In what has been a week of withdrawal of cases related to the running of Mumias Sugar Company, following a directive by President William Ruto, the government is now outlining 15 strategic interventions that will guide the revival of five public sugar mills in the country which have been experiencing financial distress since the late 1990s. 

A memorandum by the National Treasury tabled before the National Assembly by the leader of the Majority Kimani Ichung'wa on the 22nd of August outlines 15 proposed strategic interventions that will revive the sector and also ensure the implementation of the sugar industry stakeholder's taskforce report 2019. 

The proposals include; bringing on board private capital, expertise and modernisation of sugar mills with adequate sugar to allow them to run efficiently and operate on commercial principles, enhancing cane development in both nucleus estates and small-holder out-grower farms, addressing stakeholder and community sensitivities on permanent divestiture of land, lease model to be executed by unbundling the nucleus estate land and the factory land, expedite the leasing of the five sugar companies to facilitate rehabilitation and expansion.

Others are the merging of Chemelil and Muhoroni Sugar companies, restructuring of the sugar companies balance sheets, Regulation of Factory Zones, government support for smallholder cane farmers to develop the crop and enhance productivity, enhancing efficient settlement of disputes and enforcing zoning to incentivise investors in the sector. 

On why the government prefers leasing to privatisation, the National Treasury has outlined nine benefits of leasing which include enhanced livelihoods of farmers, modernization of the sugar mills, generation of taxes, cut public sector financing and improved competitiveness.

For Mumias Sugar Company with debts relating to the government adding up to Ksh.8.7 billion, the Treasury recommends a revitalization committee be appointed to work with the Board, County Governments and other key stakeholders to identify and implement an effective restructuring plan.

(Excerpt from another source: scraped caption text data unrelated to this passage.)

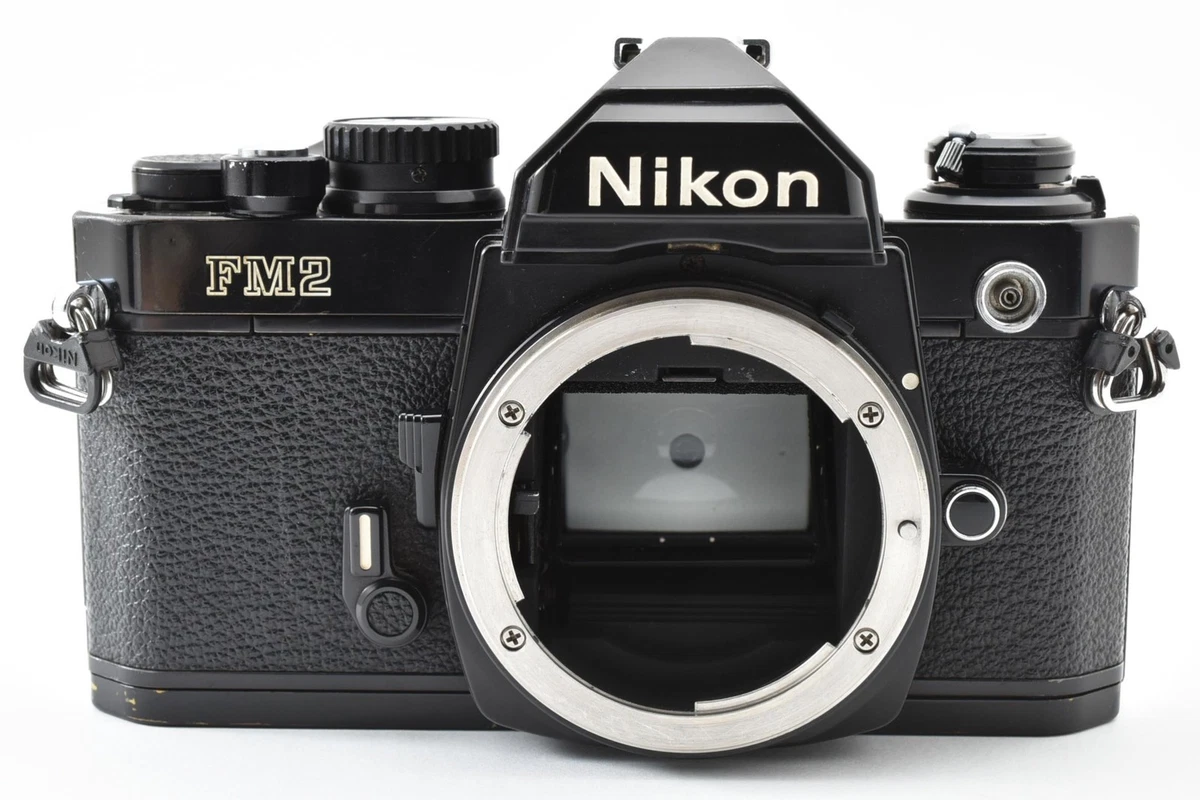 Nikon FM2 Manual Film Cameras for sale | eBay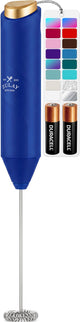 Royal Blue and Gold - Froth Mate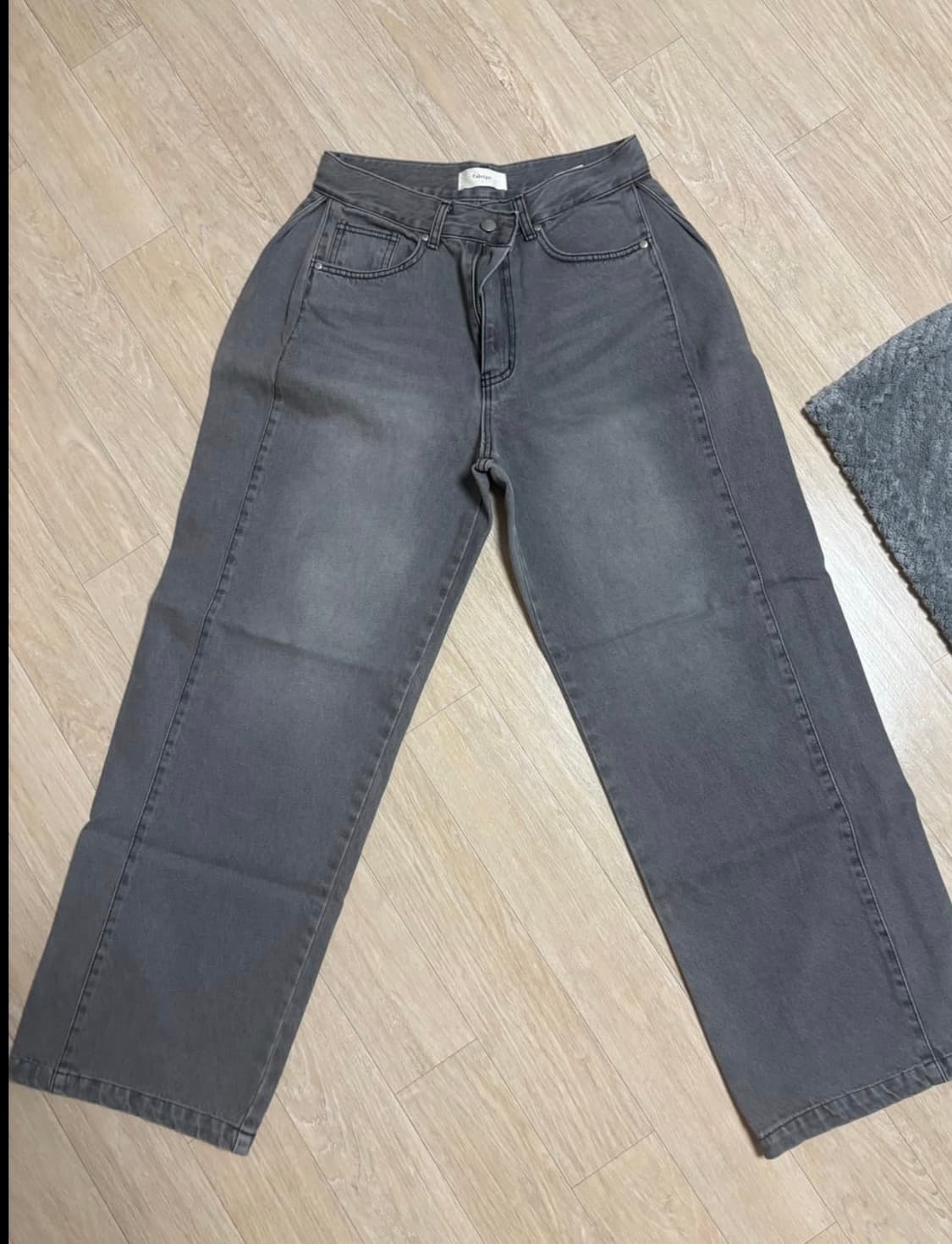 파브레가 사이드 패널 게임 팬츠 상품이미지2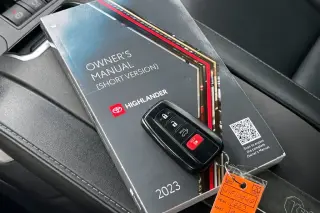 2023 Toyota Highlander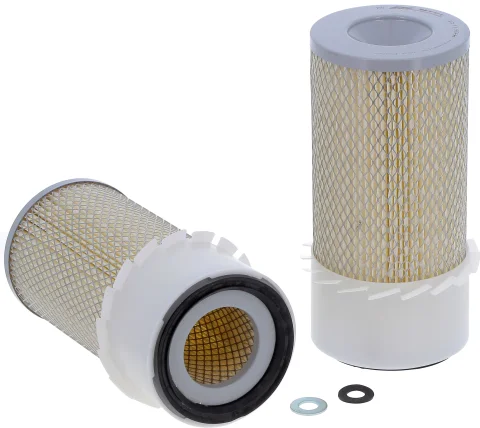 Vzduchový filter HIFI FILTER SA 11906 K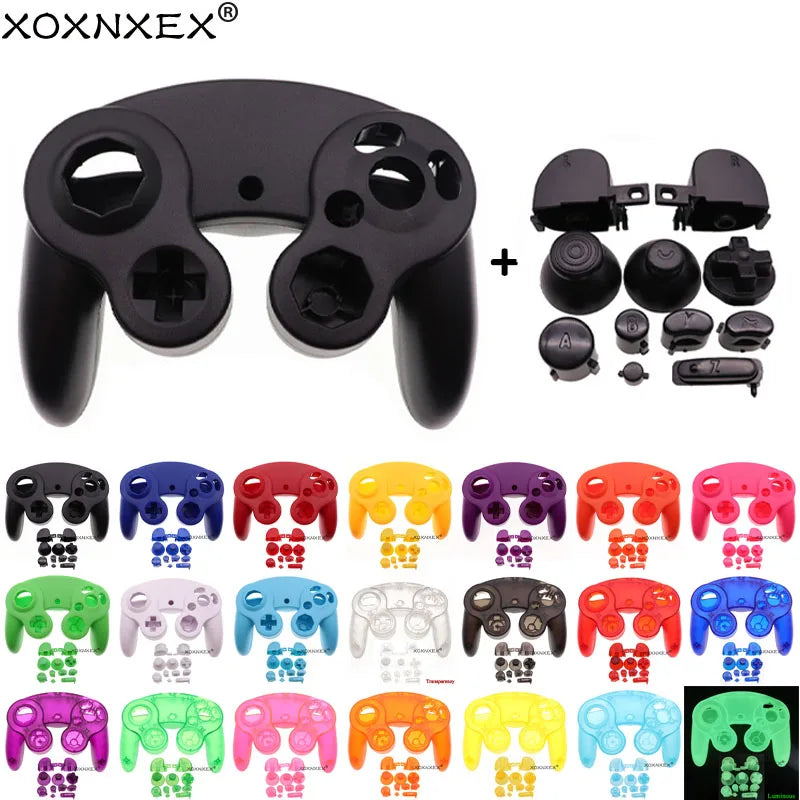 Ny: Erstatningshus til Nintendo GameCube-controller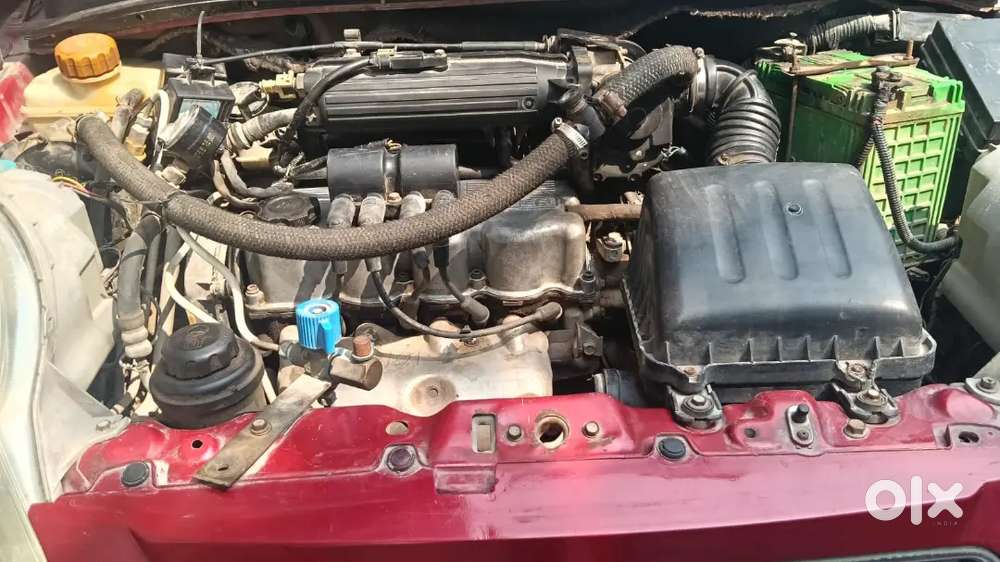 Chevrolet Spark 2013 Petrol 450000 Km Driven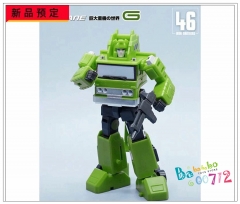 MechFansToys MF-46G MF46G Crane Grapple Green Version Action Figure Toy in stock
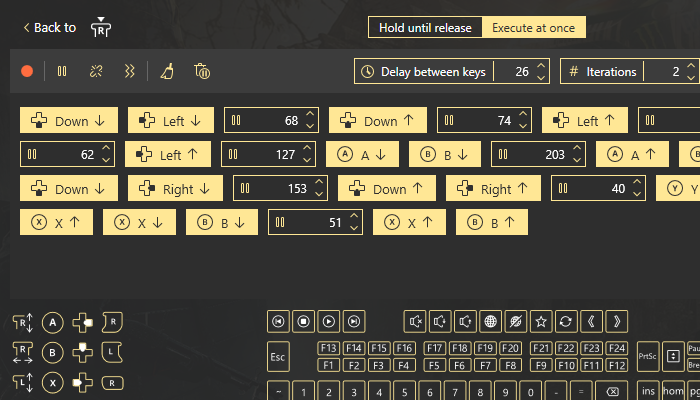 How to setup Azeron Keypad with reWASD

Treasury in its memorandum has put the debt status of the five public sugar mills at Ksh. 128 billion with Nzoia leading with a debt of Ksh.62.6 billion, Muhoroni is second with a debt of over Ksh.26 billion, It is followed by Miwani which is under receivership with debts amounting to Ksh.22 billion, Chemelil and South Nyanza follow suit.

 The Government attributes the challenge of public-owned sugar mills to among other things poor governance, lack of capital and high debt portfolio, and declining cane yields. 

The National Treasury has asked the National Assembly currently on recess to consider and approve the write-off of loans owed by the five public mills to the government and Kenya Sugar Board amounting to Ksh.65.7 billion as of 30th June.

 Approve the Cabinet decision directing the National Treasury Cabinet Secretary to write off tax penalties and interest amounting to Ksh.50 billion as of 30th June and any other additional interest and penalties that have accrued since then.

Treasury also wants parliament to allow vacation of the privatization model approved by parliament in 2015 and also give a nod to the leasing model for the five publicly owned sugar mills.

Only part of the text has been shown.